Navajo-Hopi Observer, March 24, 2013

Judge denies motion to overturn uranium-mining ban near Grand Canyon

Ruling keeps ban adopted in January 2012 in place on 1 million acres of public land near the Grand Canyon


By Christina Silvestri, Cronkite News

Conservation groups celebrated a federal judge's ruling that denied a motion to overturn the Obama administration's ban on uranium mining on 1 million acres of public land near the Grand Canyon.

The March 20 decision by U.S. District Judge David Campbell in Phoenix rejected arguments from uranium mining interests that the federal government couldn't withdraw such a large tract.
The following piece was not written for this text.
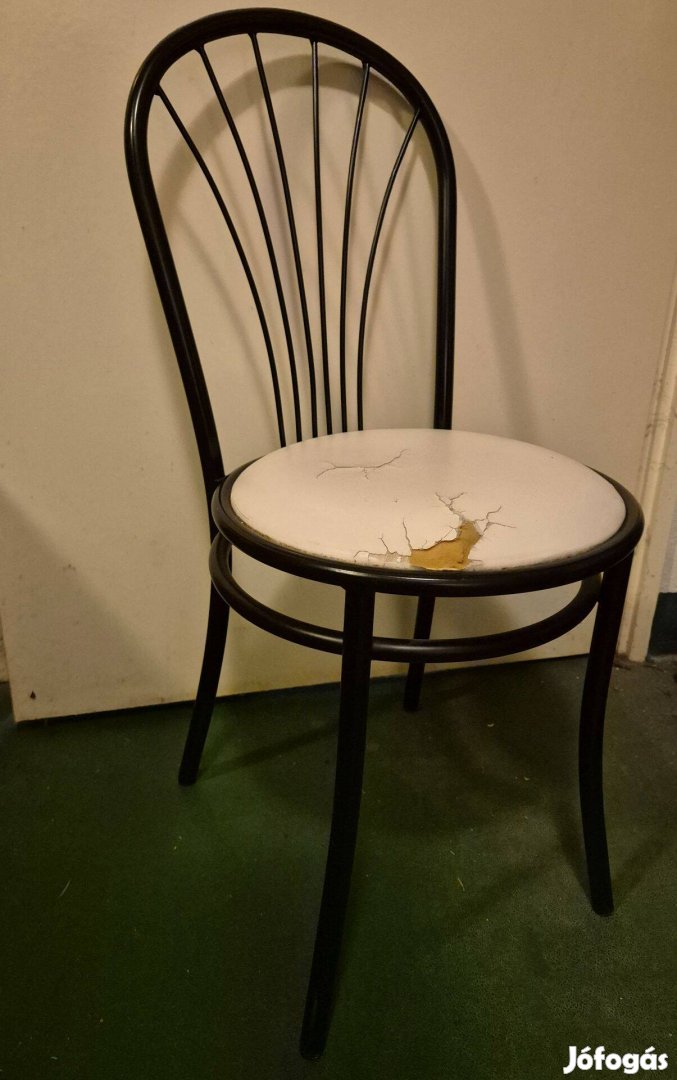 Fém étkezőszék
"If it had been instituted, it really would've crippled the ability of the Interior Department to say, 'Hold on, we need to take some time to set these lands aside because there's other lands out there we want to protect,'" said Ted Zukoski, an attorney with the environmental law firm Earthjustice.

The 20-year moratorium was adopted in January 2012 to protect the canyon's watersheds by prohibiting new mining claims and any development on old claims that lacked "valid existing rights."

The National Mining Association, Nuclear Energy Institute and Northwest Mining Association, among others, challenged the withdrawal.

A handful of conservation groups countersued, including the Grand Canyon Trust, a nonprofit that aims to protect and conserve the Colorado Plateau.

"The whole idea of the 20-year ban is a precautionary and prudent decision by the federal government, because once you contaminate groundwater there's no reversing it," said Roger Clark, director of air and energy for Grand Canyon Trust.

Taylor McKinnon, wildlands campaigns director for the Center for Biological Diversity, said that if government and industry cannot prove that uranium mining is safe, it shouldn't happen at all.

"Any new mining threatens to industrialize wild lands, harm wildlife and endangered species, and irretrievably pollute groundwater that feeds Grand Canyon springs," he said.

The plaintiffs are pursuing other avenues to block the withdrawal, including a challenge to the Interior Department's environmental analysis.

"We're obviously disappointed in the decision, but in the same token, not all the issues that were before the court were addressed in this decision," said Luke Popovich, vice president of external communications for the National Mining Association.

Clark, with the Grand Canyon Trust, said he hopes the ban on uranium mining will eventually be permanent.

"We're confident that the 20-year ban will not only provide time to not allow claims to move forward, but give time to better document the impacts of the existing mines," he said.